Least Tern

This week for Flora and Fauna Friday, we’re spying on the slightest of our shore nesting seabirds, the Least Tern (Sterna antillarum).

The Least Tern can be found in summer up and down most of the East coast of the United States, and year-round in the Caribbean. Here in South Carolina, they call the estuaries of our sea islands and the beachfront of our barrier islands their summer home. The Least Tern is our smallest species of Tern in the United States. They’re about the same size as a Purple martin, but with a much broader wingspan. Least Terns have long, pointed wings and a short “swallow-tail” trailing behind them. Their plumage is pale overall, white below, a cool silver-gray above, and with a dark leading edge to their wing tips. Whilst perched, Least Terns in breeding colors are readily recognized by not just their petite presence and pallid plumage but also a lemon-yellow bill, golden legs, and a full black cap with a distinct white triangle on their forehead. Their call is a squeaky, shrieky, raspy, resonant cry that trails down in volume as it progresses, and is similar but lighter and higher than other, larger Terns.

Least Terns here on Edisto subsist primarily on a diet of small fish. Like all our Terns, they hunt using plunge diving. They cruise up and down creeks and shallow flooded flats in a slow flight on deep, bobbing wing beats, scanning the water’s surface for schooling fish. Once a buffet bears itself beneath them, they lock on and drop down, plunging bill-first into the water to spear or snatch a meal, before their buoyant body buoys them back above.

Least Terns are a threatened species here in South Carolina and a species of significant conservation concern for SCDNR. In the Lowcountry, they principally nest on sand bars, beach dunes, and inlet sand banks right up against the ocean and they share this space with myriad other nesting shorebirds and seabirds each year. Least Terns are smaller than all other sea birds that nest here in the Lowcountry. Thus, they rely heavily on the more chaotic and dangerous beachfront nesting sites to raise their young, as they are easily pushed out by bigger birds from the other more favorable, safer sites on isolated, protected sand banks. Use of these extreme coastal nest sites not only places seabirds and their nests at heightened risk of harm from extreme weather and hurricanes, but also human induced pressures and disturbance. Erosion from coastal infrastructure shrinks banks, bars, and beach dunes to reduce the total area available as nesting habitat.

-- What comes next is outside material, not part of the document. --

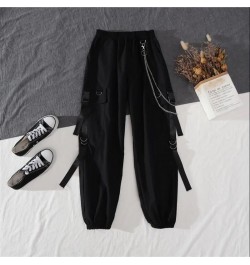 Spring Hip Hop Asymmetric Chain Ornaments Cargo Pants Streetwear Hip Hop Long-sleeved Shirt Unisex Black Top 2 Piece Suit $33...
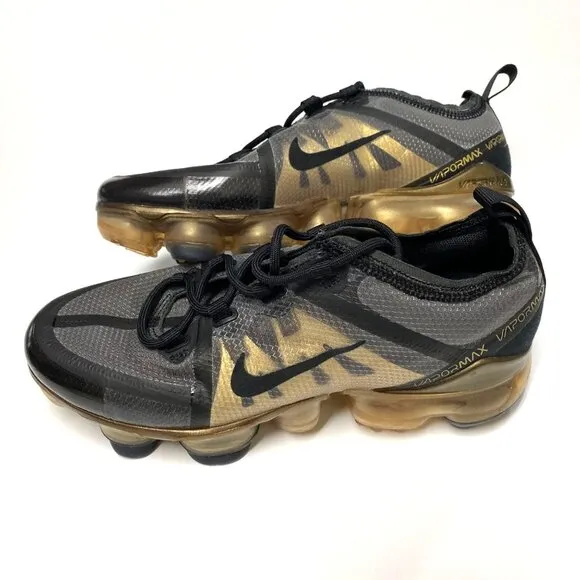 boys size 5Y Nike vapormax AJ2616-004 black gold sneakers running shoes EUR 37.5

Coastal development further eliminates potential nest sites by converting the landscape to an unusable state for wildlife, while also introducing invasive plants, feral animals, and general ecological imbalance that cause increased nest failure. Increased beach traffic, and especially unleashed dogs, disturb nesting birds in the dune systems, forcing them to waste energy when escaping to the air, preventing them from feeding their young, and exposing delicate eggs and fledgling birds to the broiling rays of a Lowcountry summer sun. Sea level rise compounds these threats further by shrinking the total area of beachfront and accelerating the shifting of these sandy lands. This cumulative stress on estuarine ecosystems is called ‘coastal squeeze’. Coastal squeeze is felt most sharply by intertidal and beach dependent species, and has rapidly become an existential threat to many species in recent decades.

Least Terns, thankfully, are one of the more resilient and adaptable beach nesting species when faced with such pressures. For example, they famously have begun nesting on flat, graveled rooftops Downtown and in other coastal cities. Nonetheless, the compounding impacts of coastal squeeze are taking their toll on Least Tern populations range wide. You can do your part to help protect Least Terns, and other seabird and shorebird nests, by staying off the beach dunes, keeping your dog on a leash whenever on the beach, and respecting SCDNR and other conservation signage you find that closes or restricts beach access for the wellbeing of some of our most imperiled and beloved Lowcountry birds.